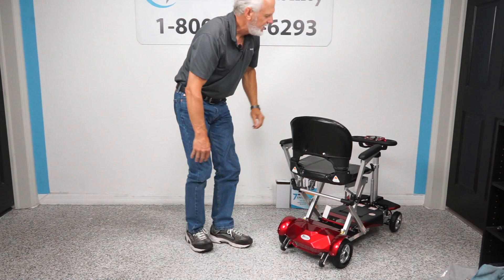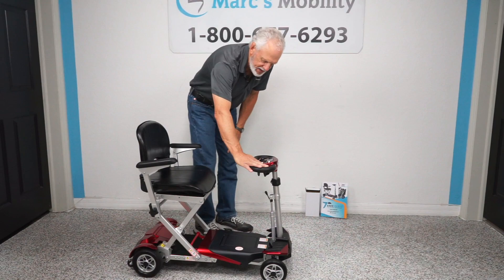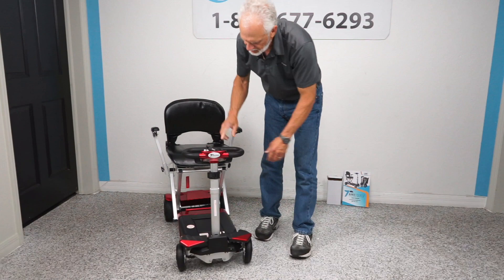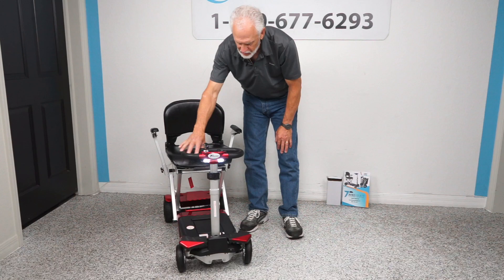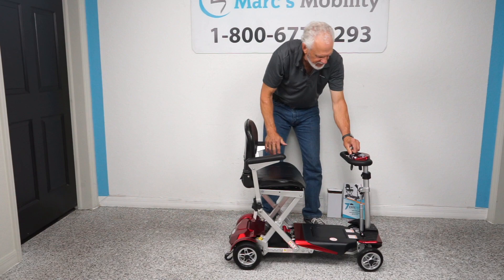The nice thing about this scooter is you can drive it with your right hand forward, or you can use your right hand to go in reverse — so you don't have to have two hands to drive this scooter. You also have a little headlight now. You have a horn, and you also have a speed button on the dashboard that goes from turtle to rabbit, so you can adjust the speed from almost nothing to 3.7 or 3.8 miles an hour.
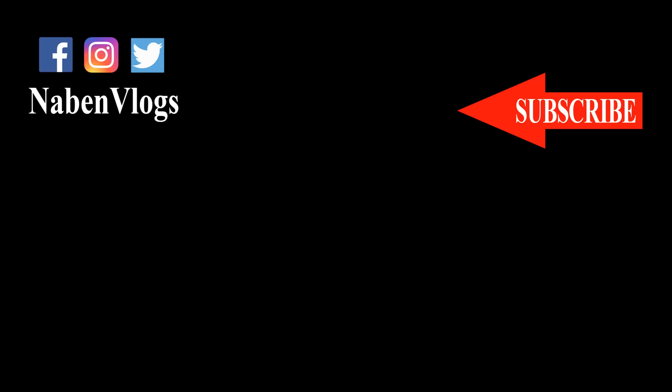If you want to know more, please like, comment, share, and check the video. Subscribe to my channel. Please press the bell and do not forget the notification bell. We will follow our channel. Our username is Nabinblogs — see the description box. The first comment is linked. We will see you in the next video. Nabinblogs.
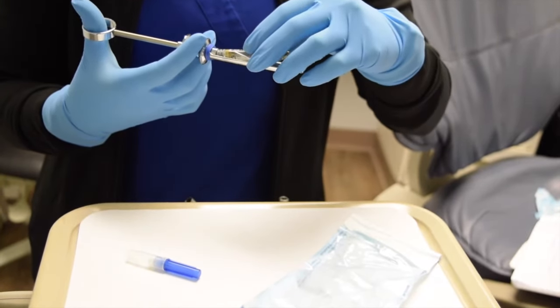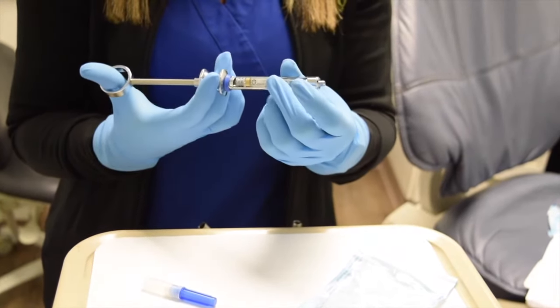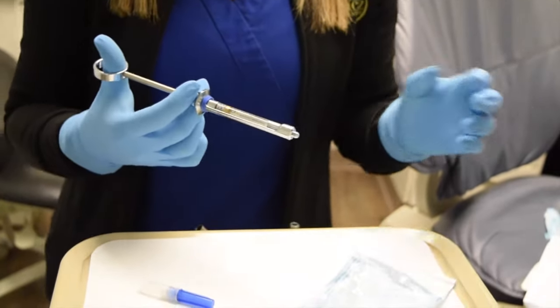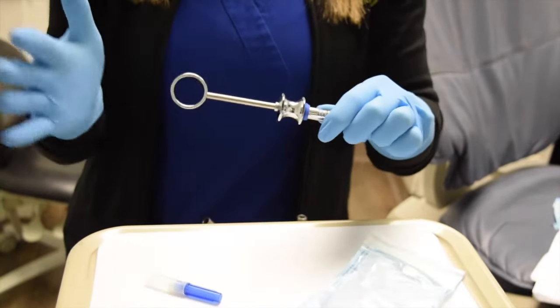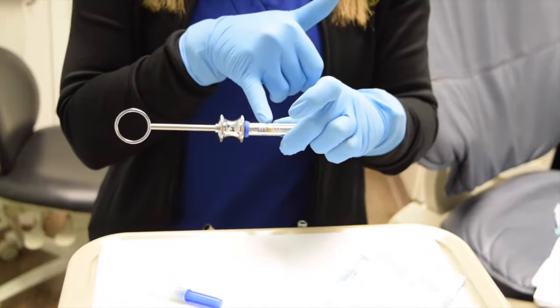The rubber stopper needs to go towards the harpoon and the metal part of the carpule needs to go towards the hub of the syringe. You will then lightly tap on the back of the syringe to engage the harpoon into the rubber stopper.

__WHAT THIS TASK INVOLVES__. Output the listing above exactly as it stands; no picture should appear.

__EXPECTED ANSWER__.
The nice thing about this scooter is you can drive it with your right hand forward, or you can use your right hand to go in reverse — so you don't have to have two hands to drive this scooter. You also have a little headlight now. You have a horn, and you also have a speed button on the dashboard that goes from turtle to rabbit, so you can adjust the speed from almost nothing to 3.7 or 3.8 miles an hour.
If you want to know more, please like, comment, share, and check the video. Subscribe to my channel. Please press the bell and do not forget the notification bell. We will follow our channel. Our username is Nabinblogs — see the description box. The first comment is linked. We will see you in the next video. Nabinblogs.
The rubber stopper needs to go towards the harpoon and the metal part of the carpule needs to go towards the hub of the syringe. You will then lightly tap on the back of the syringe to engage the harpoon into the rubber stopper.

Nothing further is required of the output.